Haptoglobin dampens endotoxin-induced inflammatory effects both in vitro and in vivo
Article first published online: 25 JAN 2005
Volume 114, Issue 2, pages 263–271, February 2005
How to Cite
Arredouani, M. S., Kasran, A., Vanoirbeek, J. A., Berger, F. G., Baumann, H. and Ceuppens, J. L. (2005), Haptoglobin dampens endotoxin-induced inflammatory effects both in vitro and in vivo. Immunology, 114: 263–271. doi: 10.1111/j.1365-2567.2004.02071.x
- Issue published online: 25 JAN 2005
- Article first published online: 25 JAN 2005
- Received 30 July 2004; revised 7 October 2004; accepted 8 October 2004.
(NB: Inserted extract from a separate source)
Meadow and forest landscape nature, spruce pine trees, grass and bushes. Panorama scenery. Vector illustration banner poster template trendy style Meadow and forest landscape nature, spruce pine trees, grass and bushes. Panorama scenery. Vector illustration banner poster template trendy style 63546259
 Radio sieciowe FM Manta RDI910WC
- proinflammatory cytokines;
- septic shock
We report that haptoglobin, an acute-phase protein produced by liver cells in response to interleukin-6 (IL-6), can modulate the inflammatory response induced by endotoxins. We provide evidence that haptoglobin has the ability to selectively antagonize lipopolysaccharide (LPS) effects in vitro by suppressing monocyte production of tumour necrosis factor-α, IL-10 and IL-12, while it fails to inhibit the production of IL-6, IL-8 and IL-1 receptor antagonist. In two animal models of LPS-induced bronchopulmonary hyperreactivity and endotoxic shock, haptoglobin knockout mice were more sensitive to LPS effects compared to their wild-type counterparts. The present data suggest that haptoglobin regulates monocyte activation following LPS stimulation. The increase in haptoglobin levels during an acute-phase reaction may generate a feedback effect which dampens the severity of cytokine release and protects against endotoxin-induced effects.